Quand ton propre capitaine commence à reconnaître publiquement que le trio ne livre pas la marchandise, ça en dit long.

Et du côté du Lightning, la confiance explose complètement.

Cirelli ne cache même plus à quel point il croit en son travail défensif.

« Ils sont bons et créatifs offensivement. On tente simplement d’être alertes quand ils sont sur la glace. Ce n’est pas facile de les réduire complètement au silence. Il faut juste limiter leurs chances de marquer. »

Tampa Bay respecte le talent offensif du Canadien. Mais Tampa Bay n’a plus peur du Canadien.
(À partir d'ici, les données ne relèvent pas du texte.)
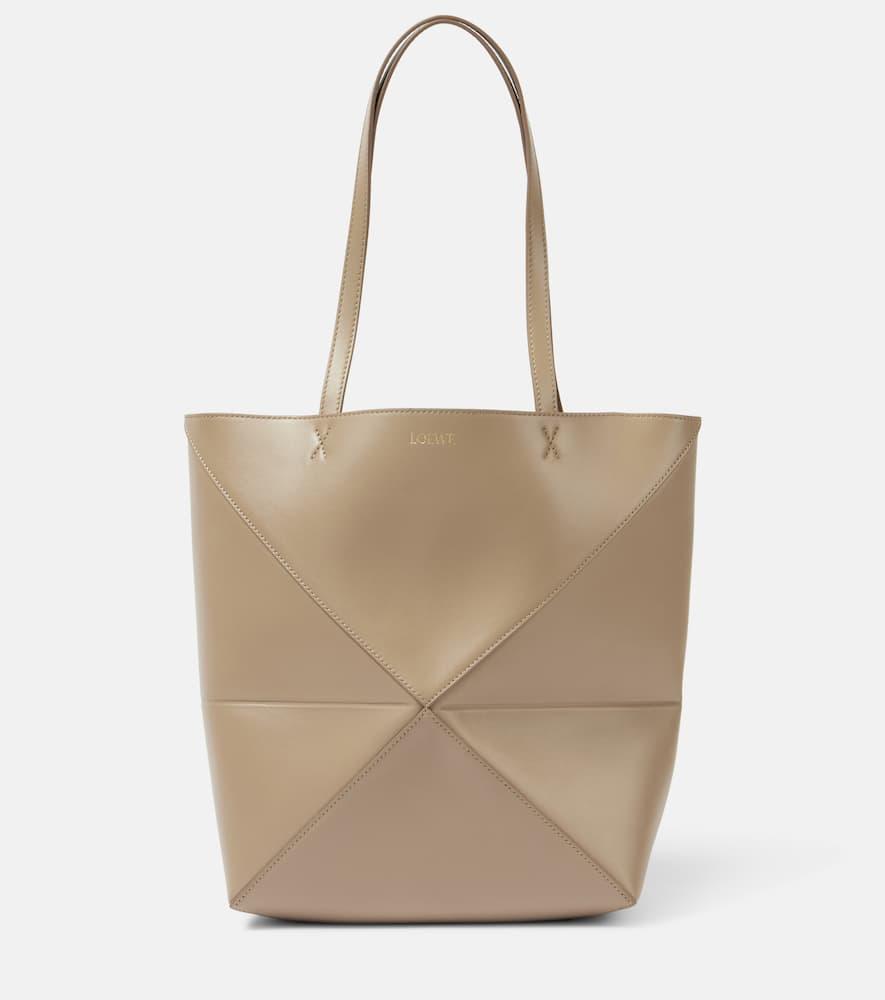 loewe puzzle fold medium leather tote bag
Et ça, c’est une énorme différence.

Plus la série avance, plus on sent que Jon Cooper croit totalement avoir trouvé la recette contre le premier trio montréalais.

Le match numéro deux a été particulièrement cinglant pour la gang de Suzuki

Pendant que Martin St-Louis gardait pratiquement les mêmes combinaisons toute la soirée, Cooper, lui, gérait constamment les confrontations autour de Cirelli.

Résultat?

Suzuki étouffé.

Caufield invisible à cinq contre cinq.

Slafkovský frustré physiquement, surtout après sa défaite par K-O contre Brandon Hagel.

Et pendant ce temps-là, Cirelli continue de récolter les fleurs.

Même ses coéquipiers semblent émerveillés par sa domination défensive.

« On dirait qu’il lit les jeux avant même qu’ils arrivent », dit Gage Goncalves.

Et ensuite vient probablement le commentaire le plus lourd de tous : celui de Cooper.

« Il joue chaque présence comme si c’était sa dernière dans la ligue. »

Puis le coach du Lightning pousse encore plus loin :

« Il retire beaucoup de fierté à empêcher ses rivaux d’enfiler l’aiguille, peut-être même plus que marquer lui-même. »

Cirelli adore détruire offensivement ses adversaires.

Et présentement, ces adversaires-là, ce sont Suzuki, Caufield et Slafkovský.

Ce qui rend tout ça encore plus difficile à avaler à Montréal, c’est le contexte autour du trophée Selke.

Pendant des mois, une partie des partisans du Canadien poussait l’idée que Suzuki méritait d’être reconnu parmi les meilleurs attaquants défensifs de la ligue.

Mais dans cette série, Cirelli est en train de lui donner une vraie leçon de hockey défensif.

Et il le fait avec une arrogance tranquille qui commence à transpirer partout autour du Lightning.

Parce qu’en ce moment, Tampa Bay agit comme une équipe qui sait exactement ce qu’elle fait.

Et Montréal commence dangereusement à avoir l’air d’une équipe qui se fait manger au petit déjeuner.